More than Pride on the line for AFLW teams playing for positive change | Megan Maurice
With only three rounds remaining in the regular season of the AFLW, this weekend’s Pride round is pivotal as teams make their last dash for the finals and look to cement their place in the top eight.
That this round, which is important to so many fans and players of the women’s game, comes at such a meaningful time adds to its gravity and underlines the seriousness with which the issue of LGBTQ+ inclusion is taken within the sport. While rainbow flags, guernseys and socks will add colour and joy across all the grounds during round eight, the white-line fever will step up a notch – particularly for those teams currently sitting outside the top eight. It highlights the fact that for so many people in the AFLW community, LGBTQ+ inclusion is not simply a joyful gesture but deeply ingrained in the sport itself, inseparable from the on-field battles.

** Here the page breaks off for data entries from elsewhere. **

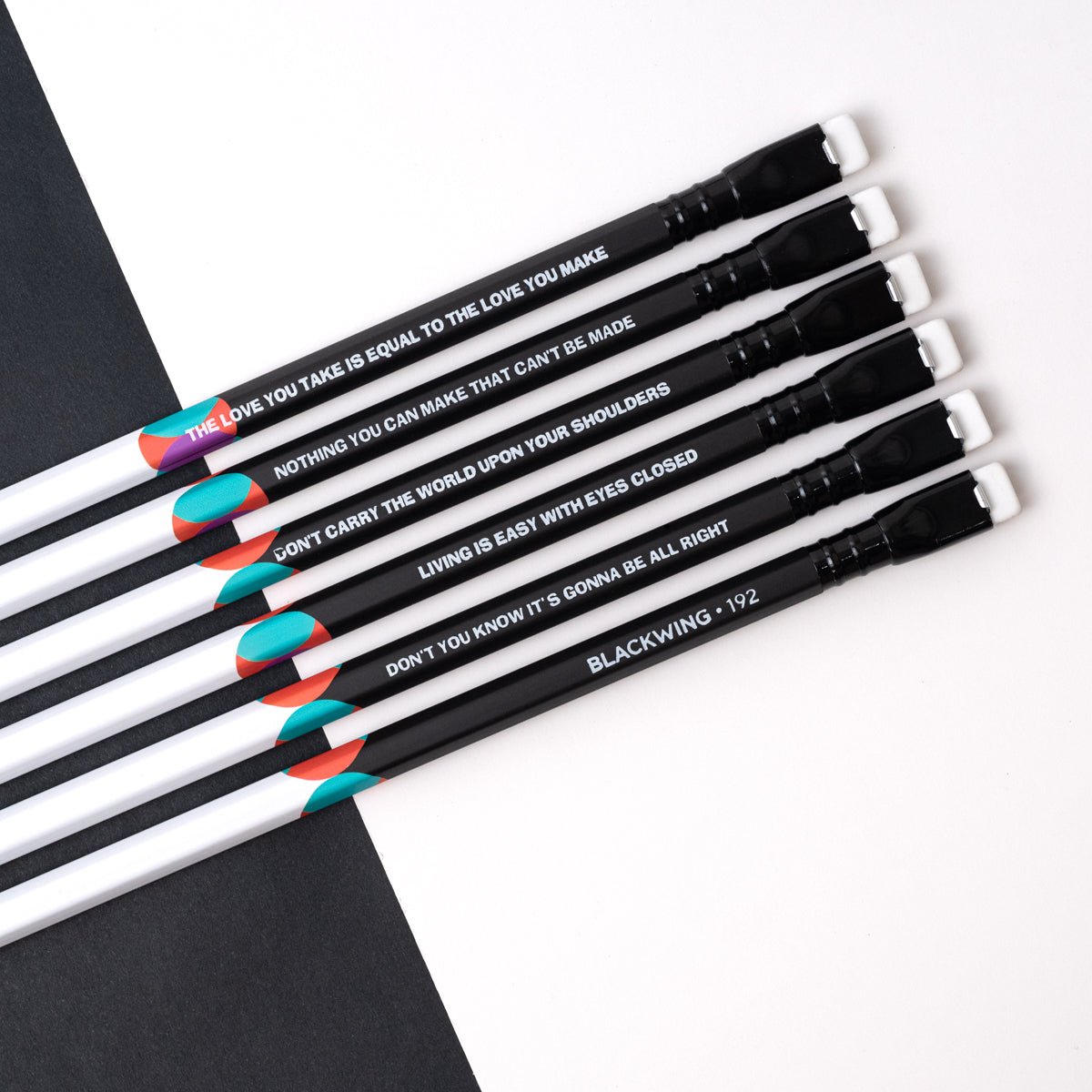 Blackwing Volume 192 pencils, black and white barrel with colorful circle design in middle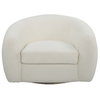 Capra Art Deco White Swivel Chair, Accent Chair by Uttermost, 43" width x 28" height x 37" depth thumbnail 1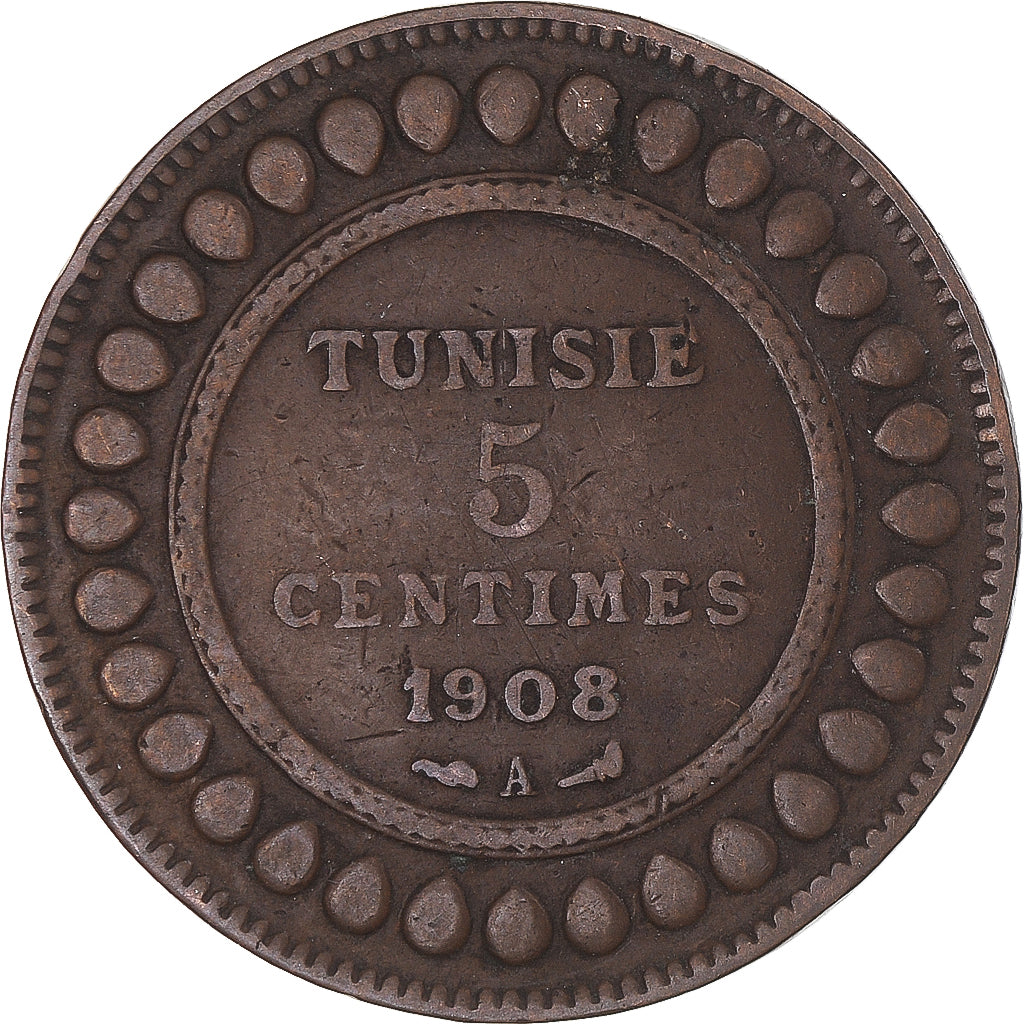Coin, Tunisia, 5 Centimes, 1908
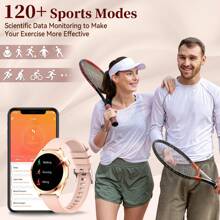 EIGIIS Montres connectées pour femmes, 1,27" Écran coloré, montre connectée sans fil (répondre/passer un appel) pour Android et iOS, tracker de fitness avec moniteur de sommeil, modes multisports, rappel, cadeau pour petite amie, simple, à la mode, classique, cadeau de fête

The guernseys themselves are also reflective of the time and care taken to build this round over the seven seasons played so far. The Western Bulldogs yesterday launched their bold design, moving away from the traditional rainbow as the centrepiece and instead embracing the pink, pale blue and white of the transgender flag.

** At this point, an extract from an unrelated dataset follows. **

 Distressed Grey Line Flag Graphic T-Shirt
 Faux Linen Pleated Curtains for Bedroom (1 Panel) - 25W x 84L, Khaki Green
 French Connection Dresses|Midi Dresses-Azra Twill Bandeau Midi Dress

In stark contrast to the Pride-jersey controversy that rocked Manly in the NRL this year, the Bulldogs have put care and collaboration at the heart of their design process. Two members of the playing group – Issy Grant and Nell Morris-Dalton – were heavily involved in designing the guernesy, which also features the rainbow flag on the back.

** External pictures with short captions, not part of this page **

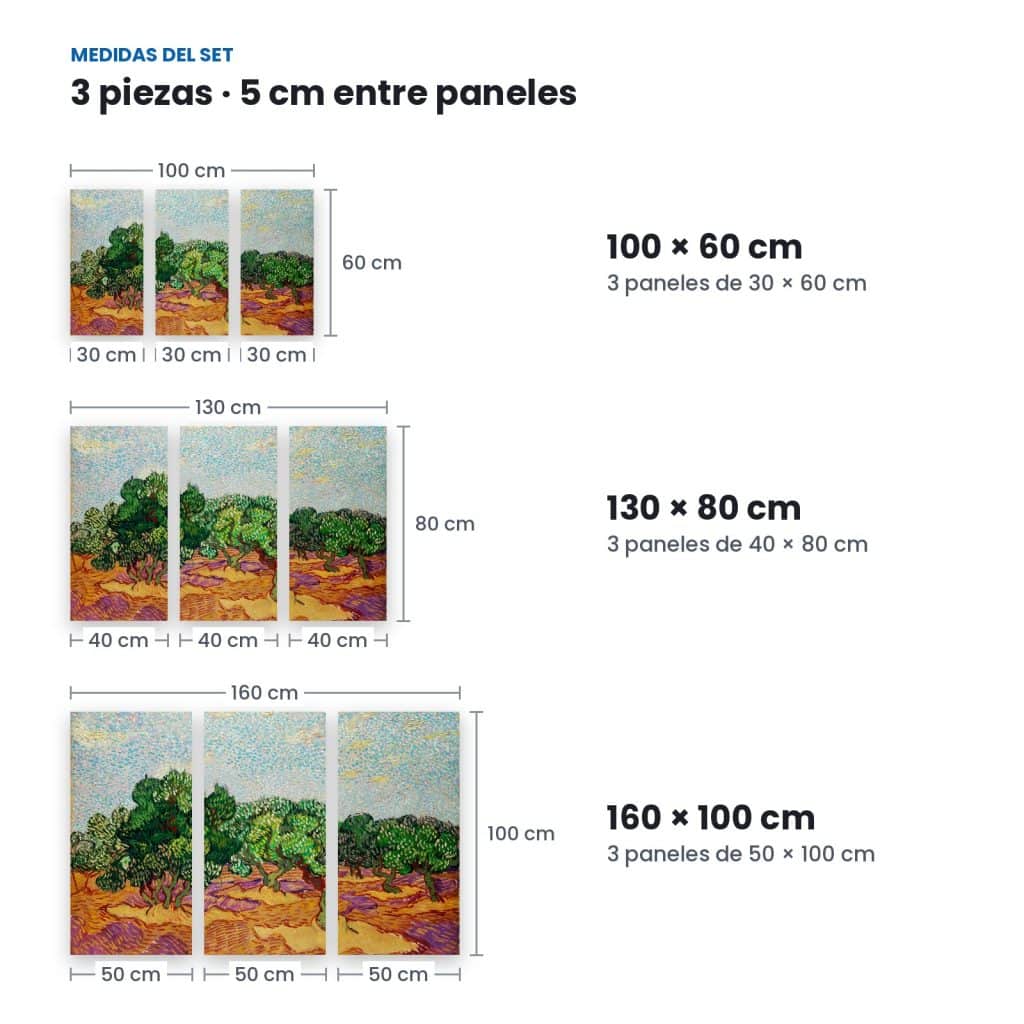 Medidas de Set Olivos de Provenza: 3 paneles con 5 cm de separación en 100 × 60, 130 × 80 y 160 × 100 cm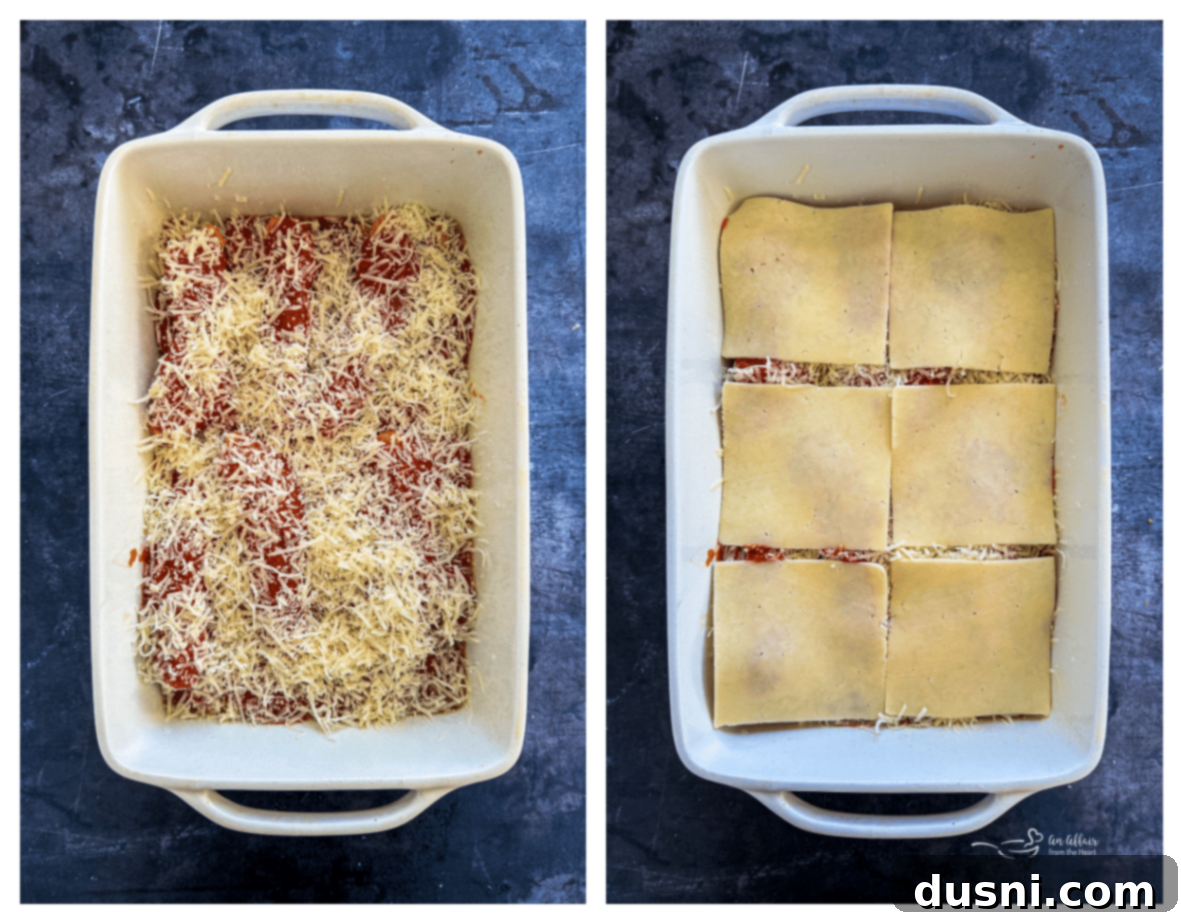 Busy Nights Chicken Parmesan Bake 7 Step 2: Layering frozen chicken tenders in a baking dish.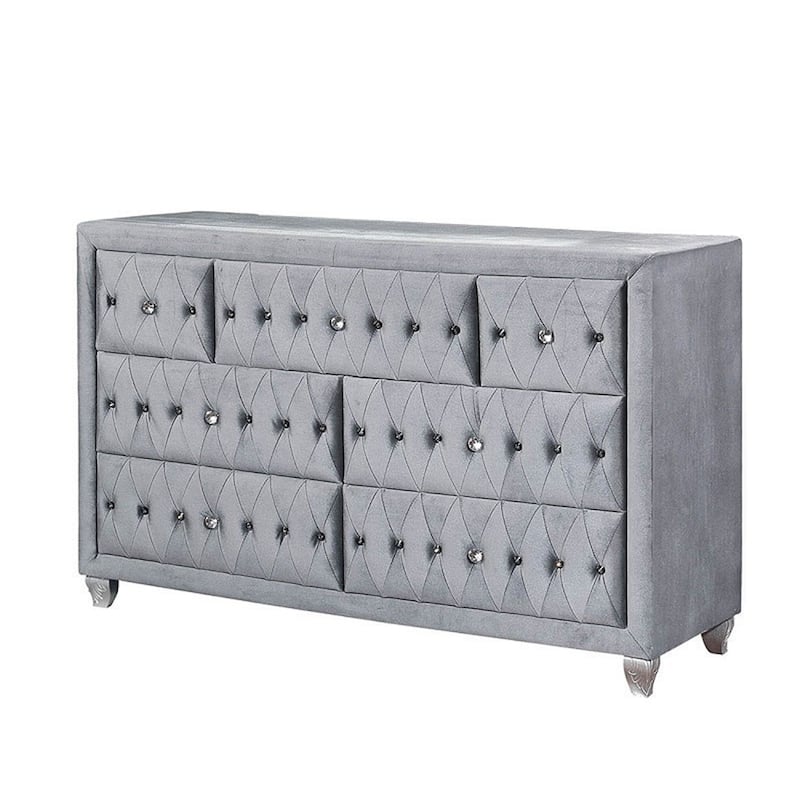 Rea Wide Dresser, 7 Drawers with Crystal Knobs, Gray Velvet Upholstery
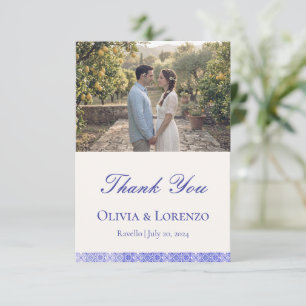 Mediterranean Blue Tile Lemon Photo Wedding  Thank You Card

The players collaborated with the Bulldogs Pride supporter group to ensure they were serving the needs and desires of the community they are representing and found a shared passion to better celebrate and include the transgender community.
“Obviously a lot of other jumper designs have featured the transgender flag but usually in smaller kind of spaces – so we thought it’d be really awesome if we could make it the main part of the jumper,” Morris-Dalton said in a statement on the Bulldogs’ website.
Transgender inclusion is at the forefront of discussions in many sports across Australia and the world, and the AFLW worked with Pride in Sport in 2020 to formalise and update its gender diversity guidelines. In the time since, two players in the AFLW – Tori Groves-Little and Darcy Vescio – have come out as non-binary, highlighting the complexities of gender in sport, which is not always as straightforward as sex assigned at birth.
The AFLW has been in the spotlight for policies around trans and gender diverse athletes in the past, when Hannah Mouncey was deemed ineligible to enter the draft in 2017. With the Bulldogs centring this issue through their guernsey design, the door will open for more conversation and education in future.
The collaboration between the playing group and supporters has allowed for strong buy-in and passion from both groups, which could be vital galvanising point for the team, who sit just outside the top eight on percentage. An emotionally charged lead up has the potential to spark brilliance and bring the dominant win the team are looking for against St Kilda.
Collaboration has been the hallmark of the round, with Collingwood’s design having input from players Sabrina Fredericks and Eloise Chaston and also highlighting transgender inclusion, as well as celebrating people of colour in the LGBTQ+ community.
When the teams take the field this weekend, there will be much more than pride on the line. As well as those all-important finals places, they are playing for their communities, for the inclusion of all people regardless of sexuality and gender, and for the possibility of radical and positive change in sport.